Restate the lines of the material below word for word, from the first through the one containing "Used 2020 Volkswagen", and include nothing else; pictures stay out.

━━━━━━━━━━━━━━━━━━━━

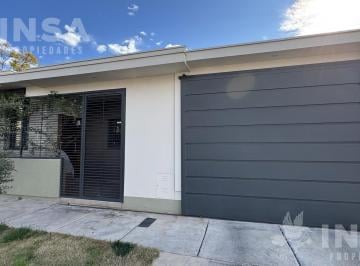 Casa · 124m² · 4 Ambientes · 1 Cochera · Casa en Venta Barrio Pilar II San Martin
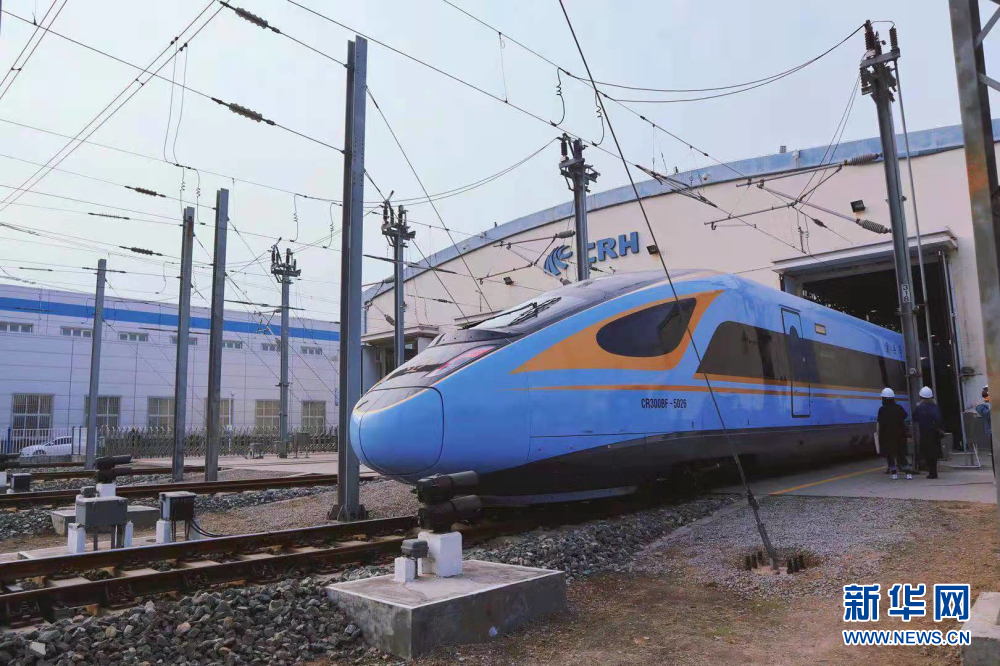 抵达西安动车段的cr300bf型"复兴号"动车组.新华网发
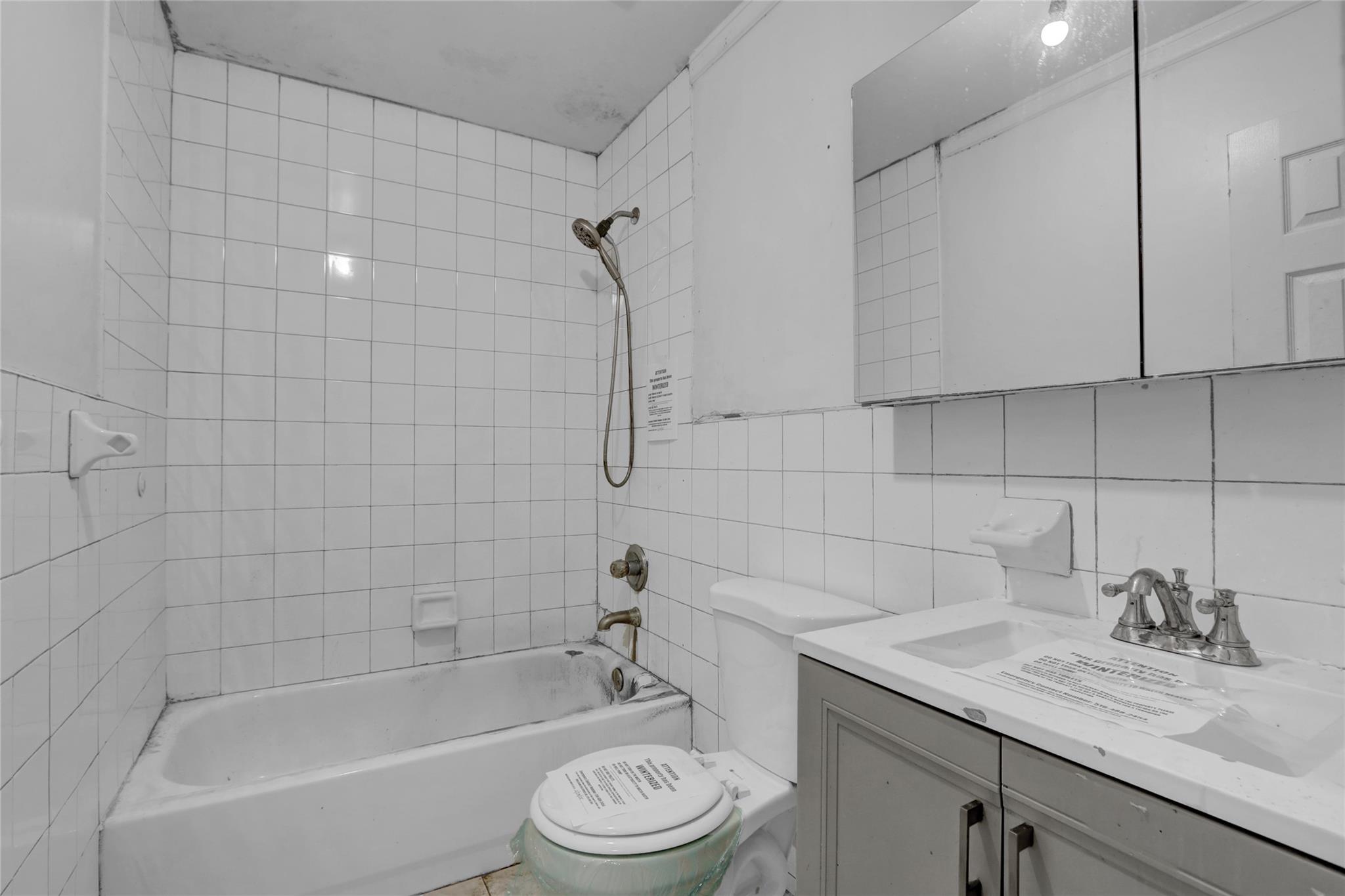 673 Ashford Street Property Photo 14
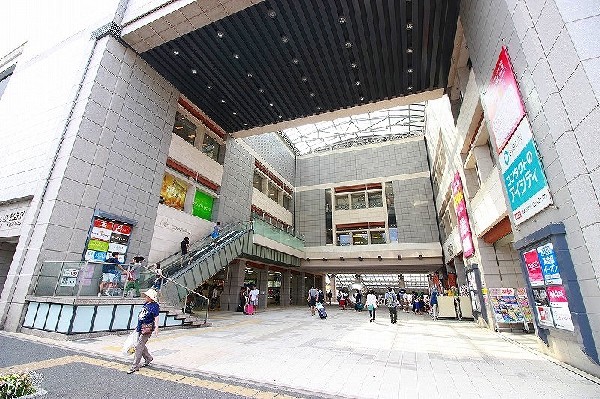 周辺環境:日吉駅　(東横線通勤特急・急行停車駅、グリーンライン始発駅。「渋谷」駅へ約20分、「横浜」駅へ約12分と、好アクセス駅です。)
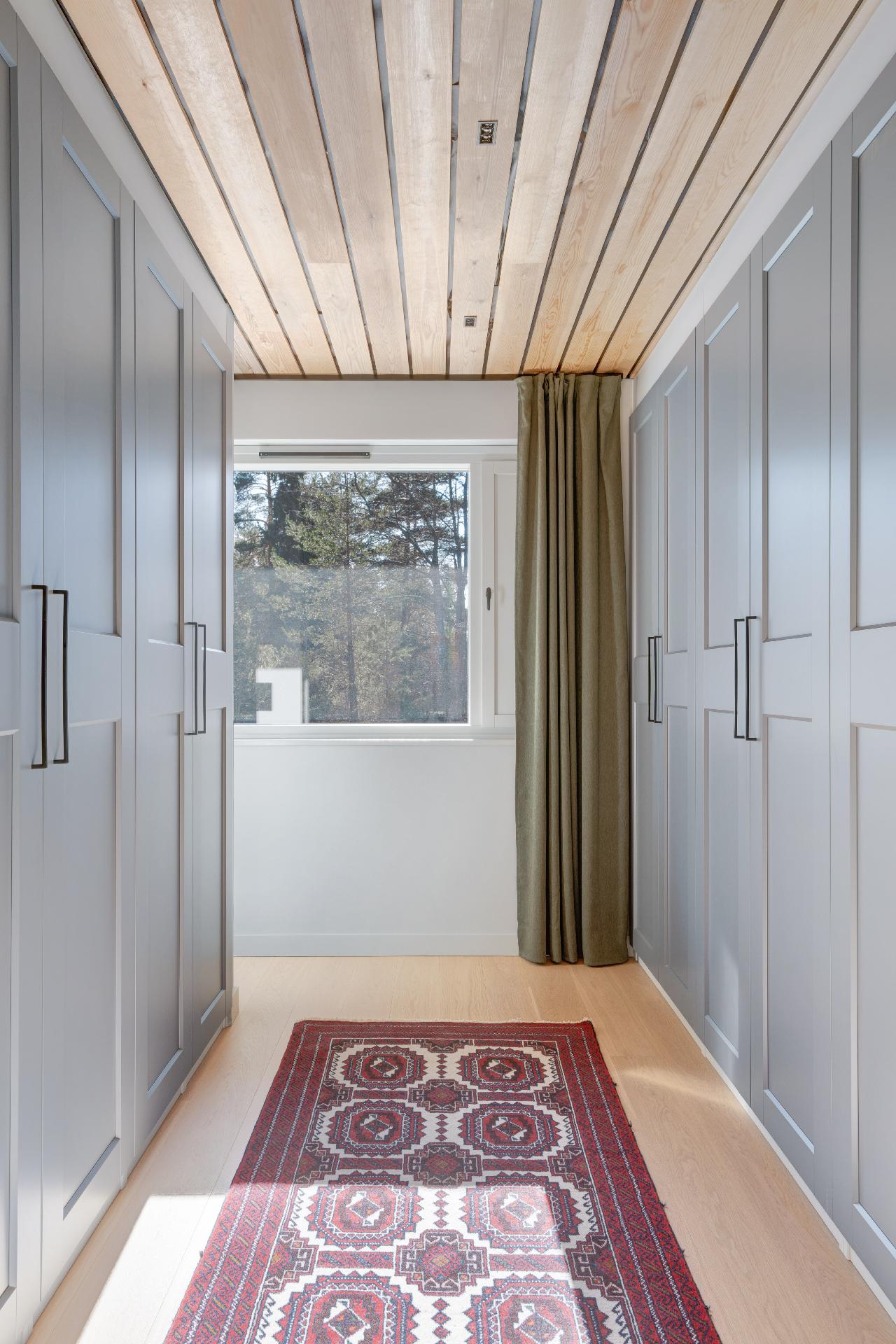 Kavallintie 25, Kauniainen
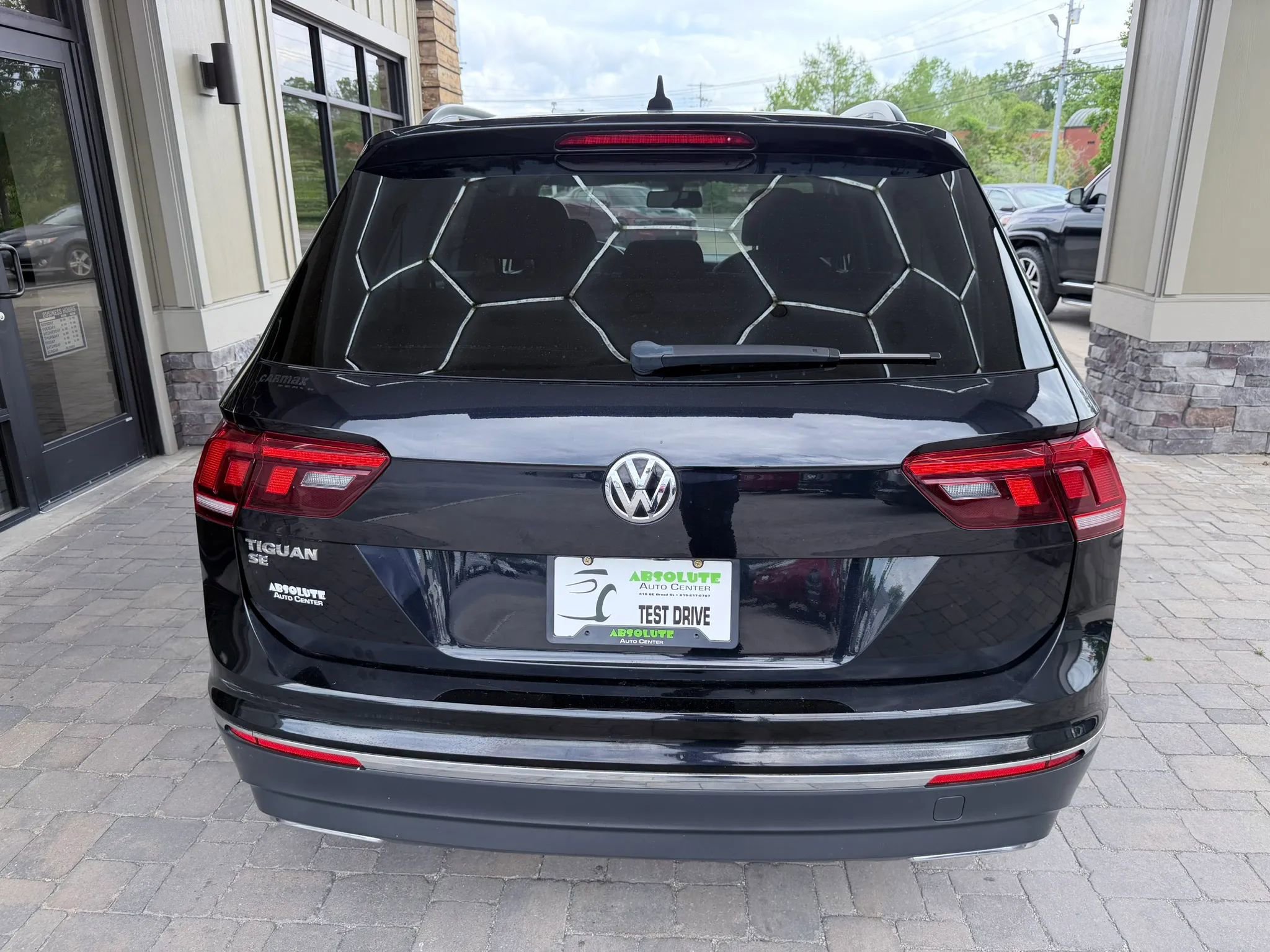 Used 2020 Volkswagen Tiguan SE w/ Panoramic Sunroof Package FWD image 67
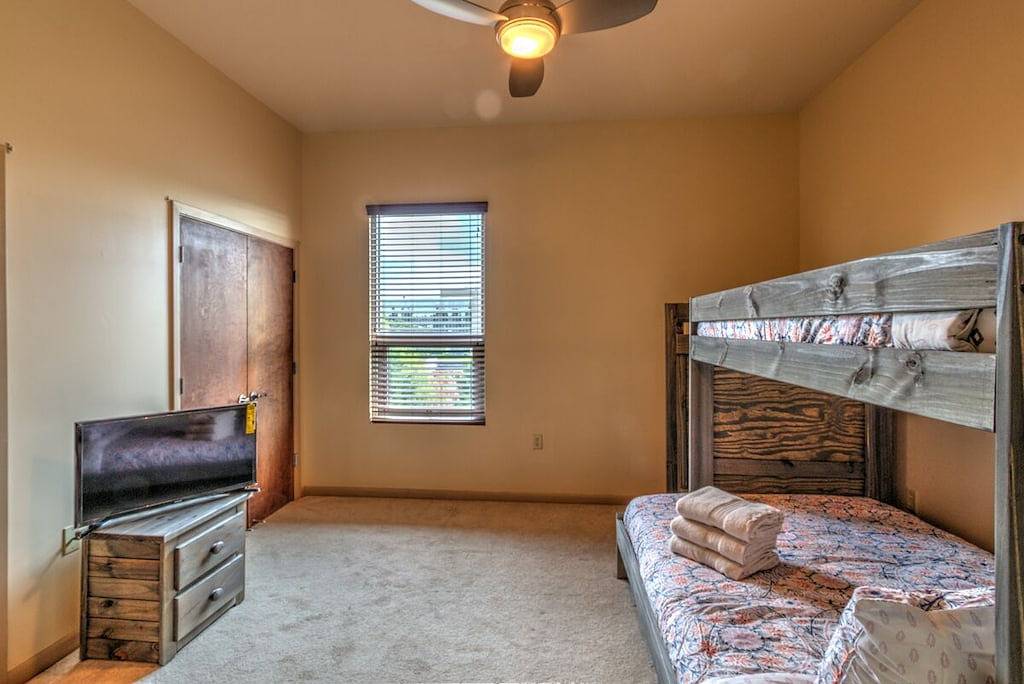 Ganze Wohnung, 2 Schlafzimmer / 2. 5 Bad Memphis Condo - Prime Downtown Lage! in Memphis, Tennessee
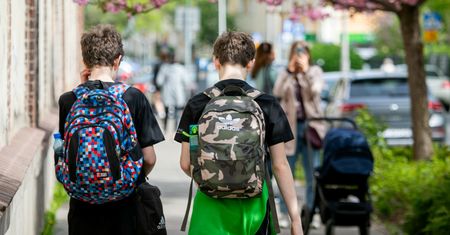 Sprawdź konto. Ruszyły wypłaty 300 plus na wyprawkę szkolną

━━━━━━━━━━━━━━━━━━━━

EXPECTED ANSWER:
 Casa · 124m² · 4 Ambientes · 1 Cochera · Casa en Venta Barrio Pilar II San Martin
 抵达西安动车段的cr300bf型"复兴号"动车组.新华网发
 673 Ashford Street Property Photo 14
 周辺環境:日吉駅　(東横線通勤特急・急行停車駅、グリーンライン始発駅。「渋谷」駅へ約20分、「横浜」駅へ約12分と、好アクセス駅です。)
 Kavallintie 25, Kauniainen
 Used 2020 Volkswagen Tiguan SE w/ Panoramic Sunroof Package FWD image 67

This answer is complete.